Three years after Louisiana opened what it touted as a kinder, gentler model of juvenile rehabilitation, its new approach to juvenile justice after decades of criticism of its harsh system has turned into another unruly, understaffed mess, The Advocate reports. The Acadiana Center for Youth in Bunkie, La., has been the scene of large-scale fights and other disorder, according to hundreds of pages of incident reports over the course of a year. “The vision for the Acadiana Center for Youth…was that it would be a place where people from all over the country could come see how Louisiana was doing juvenile justice, because we were going to get it right," said Mary Livers, former head of the Office of Juvenile Justice from 2008 to 2016. "We’re, sadly, far from that today.”

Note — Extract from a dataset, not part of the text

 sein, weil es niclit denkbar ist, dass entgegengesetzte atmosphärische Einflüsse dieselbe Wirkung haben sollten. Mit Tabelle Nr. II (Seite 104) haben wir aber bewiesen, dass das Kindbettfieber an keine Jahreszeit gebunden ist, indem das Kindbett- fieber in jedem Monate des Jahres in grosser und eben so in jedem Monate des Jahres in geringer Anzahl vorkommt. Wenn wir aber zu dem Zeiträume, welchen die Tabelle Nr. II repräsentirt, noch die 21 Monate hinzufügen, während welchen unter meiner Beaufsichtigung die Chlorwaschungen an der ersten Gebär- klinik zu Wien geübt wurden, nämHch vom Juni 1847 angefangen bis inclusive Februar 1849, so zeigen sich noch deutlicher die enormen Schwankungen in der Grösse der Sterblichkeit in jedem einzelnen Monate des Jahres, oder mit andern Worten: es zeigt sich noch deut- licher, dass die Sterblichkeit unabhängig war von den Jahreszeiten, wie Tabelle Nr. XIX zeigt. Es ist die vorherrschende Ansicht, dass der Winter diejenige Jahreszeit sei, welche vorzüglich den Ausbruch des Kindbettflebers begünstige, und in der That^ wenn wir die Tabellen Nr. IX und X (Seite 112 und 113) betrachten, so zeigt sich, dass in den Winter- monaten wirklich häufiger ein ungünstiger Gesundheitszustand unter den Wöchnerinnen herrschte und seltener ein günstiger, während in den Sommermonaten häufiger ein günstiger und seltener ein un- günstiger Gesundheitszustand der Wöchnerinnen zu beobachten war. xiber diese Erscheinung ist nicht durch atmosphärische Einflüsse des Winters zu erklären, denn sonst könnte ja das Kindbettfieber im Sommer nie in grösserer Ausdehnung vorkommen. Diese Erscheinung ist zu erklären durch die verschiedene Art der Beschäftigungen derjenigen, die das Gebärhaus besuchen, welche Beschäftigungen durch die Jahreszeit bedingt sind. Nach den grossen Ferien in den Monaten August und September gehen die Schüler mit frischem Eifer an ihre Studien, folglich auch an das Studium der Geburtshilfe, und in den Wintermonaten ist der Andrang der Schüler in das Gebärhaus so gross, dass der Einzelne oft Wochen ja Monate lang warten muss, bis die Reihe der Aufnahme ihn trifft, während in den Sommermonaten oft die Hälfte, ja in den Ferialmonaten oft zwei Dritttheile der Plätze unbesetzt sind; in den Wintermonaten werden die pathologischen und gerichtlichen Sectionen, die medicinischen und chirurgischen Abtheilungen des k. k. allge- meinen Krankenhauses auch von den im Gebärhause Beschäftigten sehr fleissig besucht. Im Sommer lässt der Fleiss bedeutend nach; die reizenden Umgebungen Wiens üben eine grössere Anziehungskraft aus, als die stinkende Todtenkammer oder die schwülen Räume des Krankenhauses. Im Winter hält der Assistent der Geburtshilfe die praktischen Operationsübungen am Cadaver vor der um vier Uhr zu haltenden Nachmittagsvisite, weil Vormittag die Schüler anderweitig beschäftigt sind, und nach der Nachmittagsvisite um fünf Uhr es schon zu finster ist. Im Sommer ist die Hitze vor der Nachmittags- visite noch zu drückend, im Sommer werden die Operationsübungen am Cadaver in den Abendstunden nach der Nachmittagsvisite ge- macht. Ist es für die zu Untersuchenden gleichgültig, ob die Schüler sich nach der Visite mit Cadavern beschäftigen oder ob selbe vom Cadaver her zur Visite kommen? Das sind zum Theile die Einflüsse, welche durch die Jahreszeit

Acadiana was designed to look and operate more like a school than a prison, following the Missouri Model of rehabilitation. OJJ's current head, Bill Sommers, said Acadiana and other youth jails in the system need more resources for security and services. He cited plans to beef up security at Acadiana, but refused to answer questions about particular incidents. In one July 2021 incident, teens from two dormitories fought with shanks in a hallway. Months later, some traveled through a ceiling to attack a rival dorm. Again and again, staff uncovered homemade weapons, tattoo guns and cigarette lighters, among other contraband. Reports show many days when school was canceled because there weren't enough staffers, or things had just gotten too unruly. One state legislator critical of Acadiana, which is in her district, said "rehabilitation isn't the focus. Survival is the focus."